At the FHA, which plays a crucial role in the housing market by insuring loans with low down payments for first-time home buyers, the full-time staff of 3,000 is down to 64, and there are only 30 employees responsible for signing off on mortgage insurance for single-family homes. While large banks have the resources to approve lenders for FHA-backed loans, smaller lenders rely on the agency itself to do this.
About 25 percent of home purchases are made with mortgages backed by the FHA, as are 15 percent of all mortgages, including refinancings.

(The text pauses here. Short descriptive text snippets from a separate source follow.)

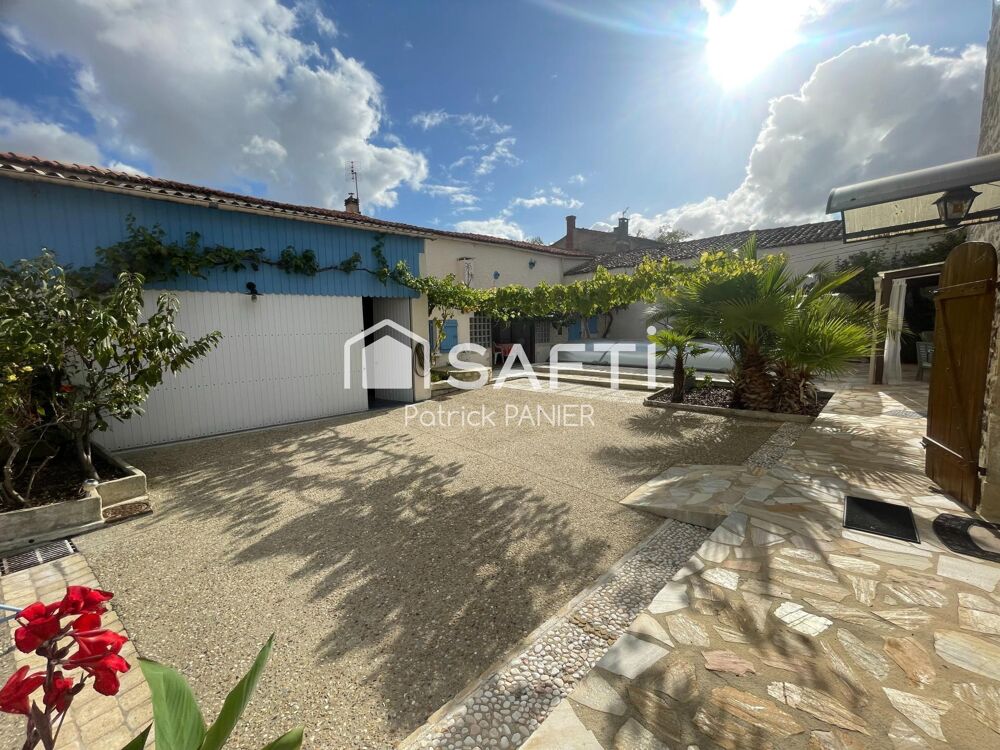 Vente Maison Charmante maison de 242 m² Nere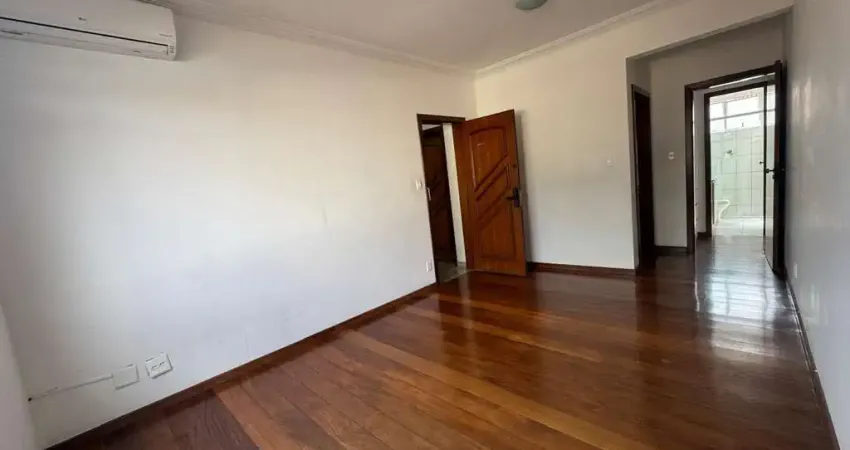 Apartamento com 3 quartos à venda em Ouro Preto, Belo Horizonte 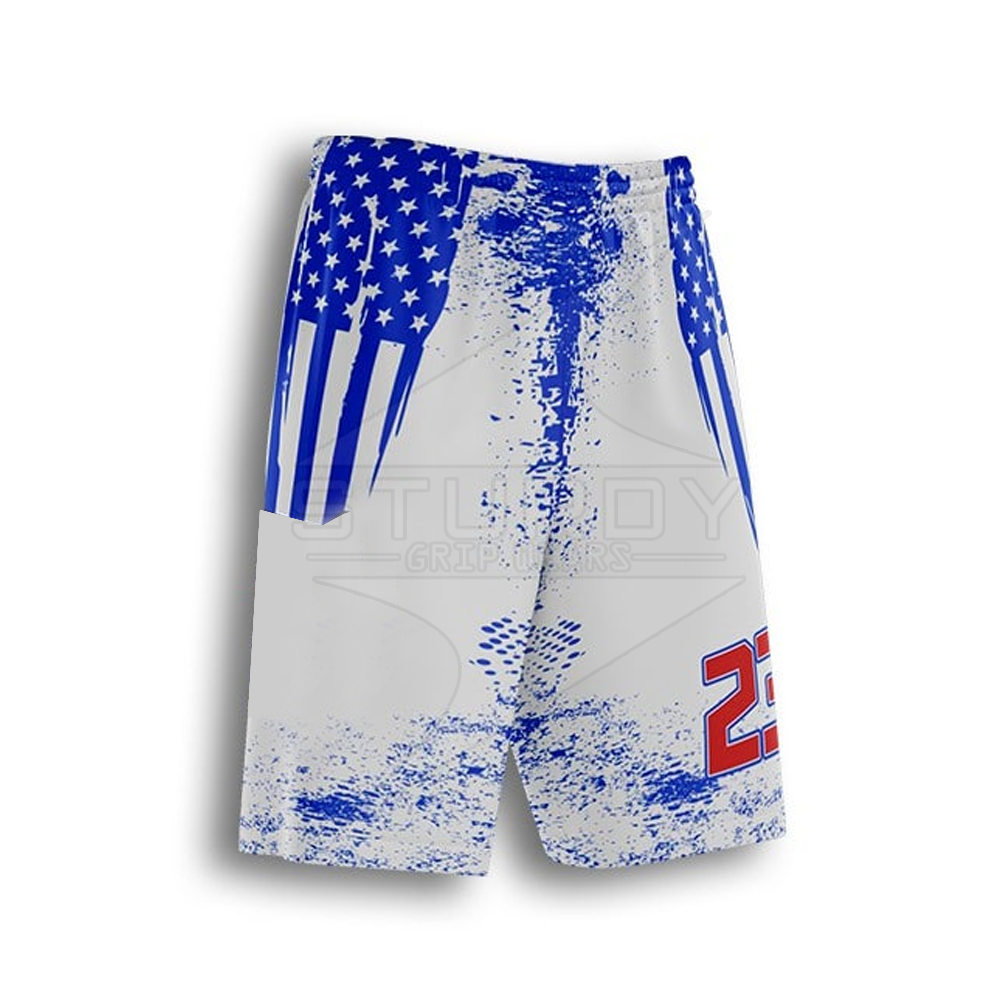 2023 OEM Customize Breathable Baseball Shorts Wholesale Own Logo Sublimation Baseball  Softball Shorts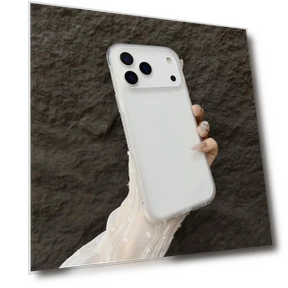 Shockproof TPU+PC Phone Back Cover — Bumpers, Smartwatch 2025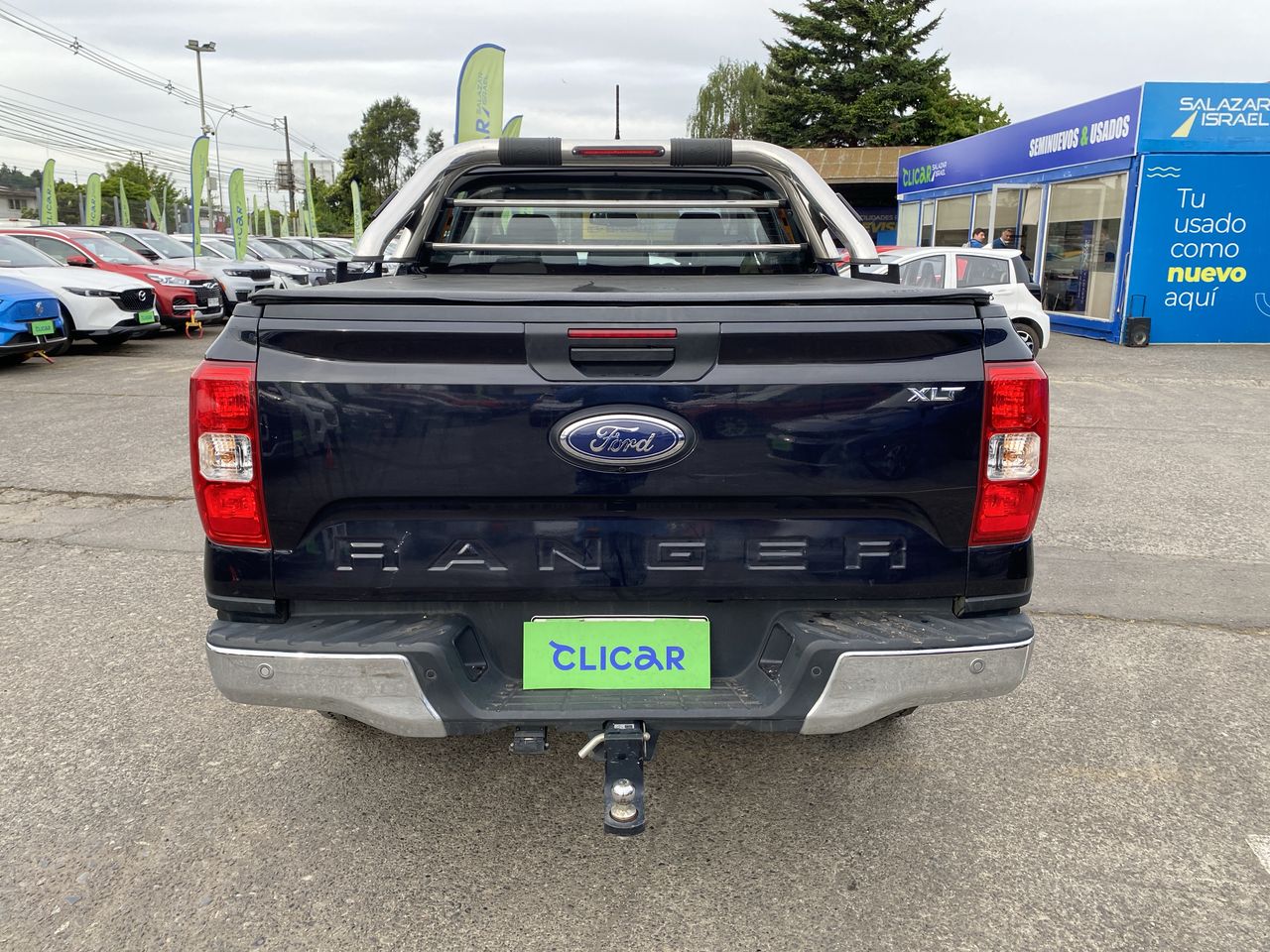 FORD - 6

An additional 10 percent of home loans are guaranteed by the Department of Veterans Affairs, which still has a full staff approving mortgages for veterans. But the Department of Agriculture, which backs less than 5 percent of mortgages, has canceled new loans and guarantees in its program for buyers in rural areas.
The shutdown of Agriculture’s Rural Development loan programs has cost Matthew Green the starter house he has been waiting to buy since April, when his real estate agent showed him a three-bedroom split-level on an acre in Warrenton that was in foreclosure.
Green, 28, a mechanic at Pohanka Chevrolet in Chantilly, was approved in late August for a $210,000 loan. The next step was getting the government to sign off so he didn’t have to make a down payment.
On Monday, a day before the shutdown, the lender called his agent, Starr Ibach, and reported that the Rural Development staff was backed up but that there was plenty of time for the loan to go to closing on Oct. 16. Then Green got a text message from Ibach early Tuesday: “RD is closing down and no one’s working.”
“It just made me sick to my stomach to think I might lose this house and there’s nothing I can do about it,” Green said Friday. “What are the odds of this happening?”
Green sold his Toyota Tundra truck two weeks ago to pay closing costs. If he doesn’t close Oct. 16, the bank has told Ibach the house will be sold at auction four days later.
The government shutdown comes amid a two-year surge in home prices as buyers have taken advantage of historically low mortgage rates. Even as rates have edged up in recent months, sales have not dampened as much as economists had feared. Sales of existing homes reached a six-year high in August.
For federal employees applying for a mortgage, the situation is even more daunting. With the government closed, verifying their income could prove impossible.
“Who’s going to be there to verify that someone works for the government?” said Peggy Ferris, an agent with Long & Foster. “No one.”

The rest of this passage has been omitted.